Prove that running time $T(n) = n^3 + 20n \space \space \text{is}\space \space Ω(n^2)$
My attempt:
This question is given on this PDF(que-4).
I have understood the big-oh notation and it's conditions. I understood the given examples of bog-oh on given Pdf.
My question is:
Why numerator has $n$ in $n + \cfrac{20}{n}\geq c$, and how they calculated: The left side of this inequality has the minimum value of $8.94$ for $n = \sqrt{20} ≅ 4.47$
This answer is trying to explain the linked solution. This is not the most efficient way to prove the desired relationship (see the comments for more efficient ways to prove this).
Starting with the desired inequality $$ n^3+20n\geq cn^2, $$ they divide both sides by $n^2$ to get $$ \frac{n^3}{n^2}+\frac{20n}{n^2}\geq c. $$ Simplifying, the result is $$ n+\frac{20}{n}\geq c. $$ Next, they use calculus to minimize the function $$ f(x)=x+\frac{20}{x}. $$ Since $$ f'(x)=1-\frac{20}{x^2}, $$ $f$ has a local extrema at $x=\sqrt{20}$. This can be seen to be a minimum by considering the signs of $f'$. Therefore, the smallest that $f(x)$ can be is $2\sqrt{20}$. Therefore, for all $n$, $$ n+\frac{20}{n}\geq 2\sqrt{20}. $$ Therefore, $2\sqrt{20}$ is a good choice for $c$ to make $$ n^3+20n\geq 2\sqrt{20}n^2 $$ always true.

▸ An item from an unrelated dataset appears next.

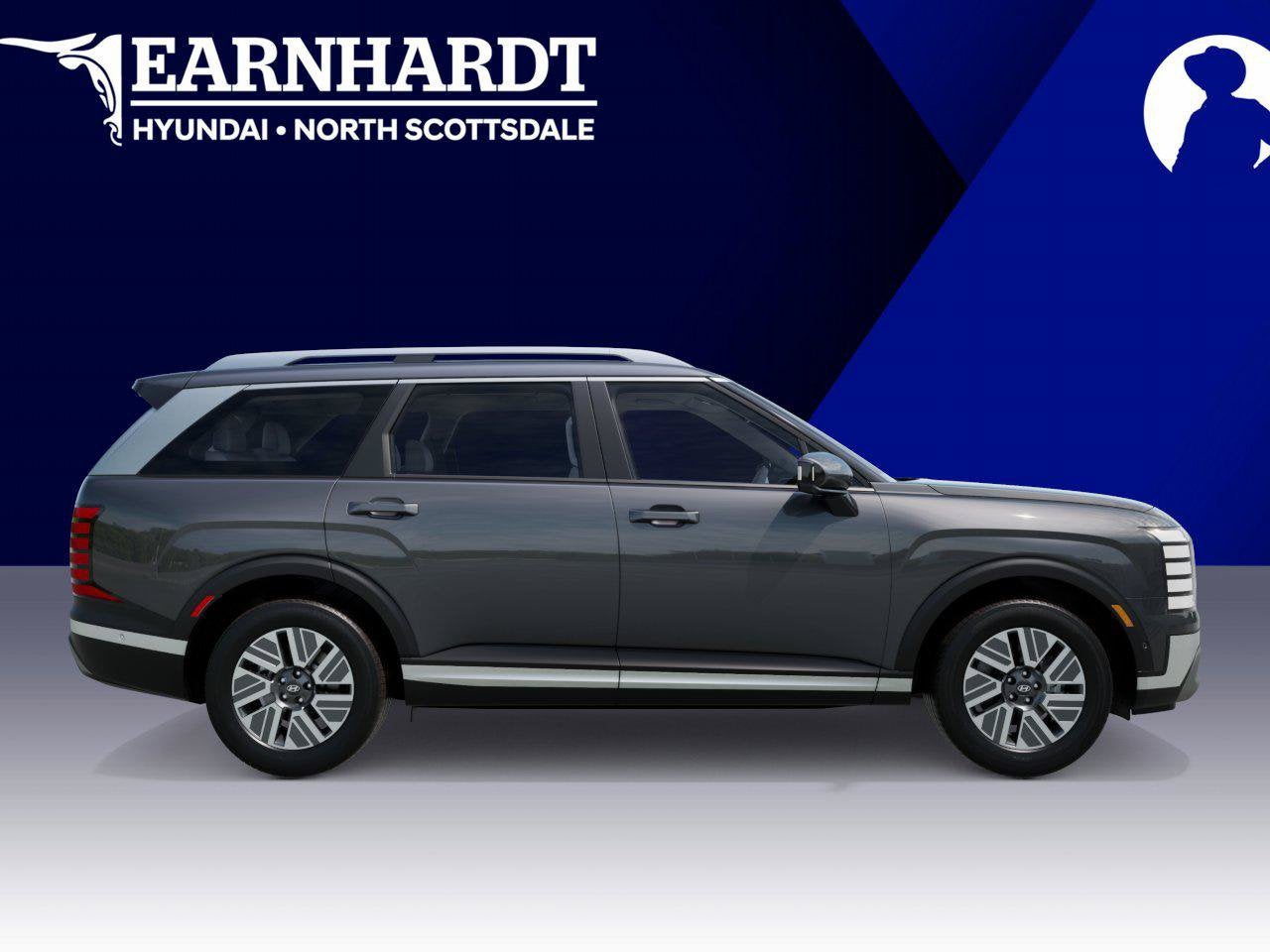 2027 Hyundai PALISADE HYBRID Blue SEL Premium 7P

Note that the inequality $n+\frac{20}{n}\geq c$ can be dealt with in a much simpler way by observing that $n+\frac{20}{n}\geq n$ and since we're dealing with $n\geq 1$, $n+\frac{20}{n}\geq n\geq 1$. The solution of interest gives a larger $c$ (so a "tighter bound"), but all that matters is that there is a $c$.